O BTG Pactual também mantém recomendação de compra para as ações, mas cita que o sinal amarelo foi ligado.
“Quando atualizamos a tese da Petrobras há dois meses [com elevação de recomendação para compra], argumentamos que a verdadeira contribuição para nosso tom otimista não eram exatamente os pagamentos volumosos que deveriam se tornar mais recorrentes, mas sim a nossa confiança de que os mecanismos de defesa (do balanço) da Petrobras, sustentados por uma melhor governança corporativa, impediriam uma guinada de 180 graus na alocação de capital da empresa. Afirmamos também que grandes tentativas de alterar o estatuto/lei das estatais e reduzir a responsabilidade da equipe de gestão/Conselho de Administração poderiam reduzir o nosso otimismo”, avalia.
Por enquanto, mantém posição de compra enquanto aguarda mais detalhes sobre as propostas.
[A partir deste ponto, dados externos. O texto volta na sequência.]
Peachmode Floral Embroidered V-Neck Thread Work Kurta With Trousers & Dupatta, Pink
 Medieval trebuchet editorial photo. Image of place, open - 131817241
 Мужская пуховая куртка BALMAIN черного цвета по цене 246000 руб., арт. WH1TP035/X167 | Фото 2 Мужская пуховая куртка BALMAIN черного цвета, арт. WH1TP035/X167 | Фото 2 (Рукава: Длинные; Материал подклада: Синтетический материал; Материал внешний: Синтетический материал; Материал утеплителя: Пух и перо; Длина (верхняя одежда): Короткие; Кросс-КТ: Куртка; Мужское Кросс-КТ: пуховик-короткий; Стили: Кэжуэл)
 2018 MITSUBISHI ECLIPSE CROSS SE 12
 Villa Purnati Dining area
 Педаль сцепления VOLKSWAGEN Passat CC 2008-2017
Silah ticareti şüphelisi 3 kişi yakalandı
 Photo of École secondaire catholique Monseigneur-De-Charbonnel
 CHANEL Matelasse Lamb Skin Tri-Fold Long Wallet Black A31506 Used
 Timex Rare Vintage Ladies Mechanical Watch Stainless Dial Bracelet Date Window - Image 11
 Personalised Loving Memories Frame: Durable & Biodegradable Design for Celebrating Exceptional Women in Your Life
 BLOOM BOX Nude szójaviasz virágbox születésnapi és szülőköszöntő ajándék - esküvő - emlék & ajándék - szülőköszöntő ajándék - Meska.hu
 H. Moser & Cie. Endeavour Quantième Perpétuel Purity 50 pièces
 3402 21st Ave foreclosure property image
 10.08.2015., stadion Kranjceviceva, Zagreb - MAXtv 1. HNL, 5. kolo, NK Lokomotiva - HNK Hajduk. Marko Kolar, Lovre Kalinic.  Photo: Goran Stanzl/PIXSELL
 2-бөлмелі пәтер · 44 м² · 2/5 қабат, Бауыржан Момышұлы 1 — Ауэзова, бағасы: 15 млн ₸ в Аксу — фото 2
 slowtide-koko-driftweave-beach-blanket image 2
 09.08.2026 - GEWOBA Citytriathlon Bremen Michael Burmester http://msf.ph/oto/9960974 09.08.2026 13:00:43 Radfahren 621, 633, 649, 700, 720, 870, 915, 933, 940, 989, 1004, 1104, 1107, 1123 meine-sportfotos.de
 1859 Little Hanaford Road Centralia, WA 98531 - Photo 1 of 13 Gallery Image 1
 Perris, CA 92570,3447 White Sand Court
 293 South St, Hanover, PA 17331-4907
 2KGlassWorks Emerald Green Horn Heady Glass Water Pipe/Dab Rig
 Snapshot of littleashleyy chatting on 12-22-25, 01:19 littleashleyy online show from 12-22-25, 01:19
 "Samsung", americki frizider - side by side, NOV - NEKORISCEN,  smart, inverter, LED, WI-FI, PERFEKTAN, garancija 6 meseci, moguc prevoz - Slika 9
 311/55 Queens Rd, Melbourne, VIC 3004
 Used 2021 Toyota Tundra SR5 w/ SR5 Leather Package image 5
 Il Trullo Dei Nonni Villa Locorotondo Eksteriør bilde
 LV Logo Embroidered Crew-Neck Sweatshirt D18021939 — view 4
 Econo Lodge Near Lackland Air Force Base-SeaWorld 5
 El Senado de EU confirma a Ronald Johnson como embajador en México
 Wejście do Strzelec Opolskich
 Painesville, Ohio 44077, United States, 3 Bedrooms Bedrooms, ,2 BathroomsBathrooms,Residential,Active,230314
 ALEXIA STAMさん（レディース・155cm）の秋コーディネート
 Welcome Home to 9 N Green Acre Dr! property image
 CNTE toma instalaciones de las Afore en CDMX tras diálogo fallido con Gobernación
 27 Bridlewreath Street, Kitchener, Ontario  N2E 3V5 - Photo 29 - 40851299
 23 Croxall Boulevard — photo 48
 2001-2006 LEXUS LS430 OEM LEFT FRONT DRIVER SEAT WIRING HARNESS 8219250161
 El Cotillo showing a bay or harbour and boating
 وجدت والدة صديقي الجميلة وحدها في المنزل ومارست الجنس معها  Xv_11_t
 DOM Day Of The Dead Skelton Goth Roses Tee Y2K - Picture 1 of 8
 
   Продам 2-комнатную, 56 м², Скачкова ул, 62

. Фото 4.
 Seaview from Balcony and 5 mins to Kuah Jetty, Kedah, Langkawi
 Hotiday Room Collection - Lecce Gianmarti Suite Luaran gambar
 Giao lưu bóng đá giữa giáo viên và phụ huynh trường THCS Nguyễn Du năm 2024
A Petrobras, cita o BTG, ainda está sendo negociada a 13% de dividend yield (dividendo sobre o preço da ação) para 2024, com base em preços do petróleo quase 10% abaixo dos níveis atuais, e mesmo excluindo o potencial para pagamentos extraordinários, oferecendo um bem-vindo suporte de valuation.
Também vendo o retorno de dividendos da estatal como bastante atraente, e que assim permanecerá em 2024 , o BBI também manteve recomendação equivalente à compra (outperform, desempenho acima da média do mercado), para o papel. “Enquanto a Petrobras continuar a pagar dividendos sólidos, acreditamos que o interesse dos acionistas pela história permanecerá alto”, afirma.
Assim, muitos analistas ressaltam: olhando mais a fundo, nem tudo está perdido para a tese de investimentos para a Petrobras, mas o evento de segunda remeteu novamente ao “risco estatal” da companhia.
Por esse ângulo, casas como a Nord Research têm preferido as petroleiras juniors PRIO (PRIO3), 3R (RRRP3) e Petroreconcavo (RECV3). A Levante Corp também destacou seguir com preferência pela alocação de capital em players do setor privado, como é o caso de Vibra (VBBR3) e PRIO, que também têm apresentado bom desempenho e sem ter risco de intervenção estatal.
Assim, o “risco estatal” mais uma vez deu as caras na Petrobras e a volatilidade mais uma vez deve ganhar forças até que sejam conhecidos maiores detalhes sobre as possíveis mudanças na companhia.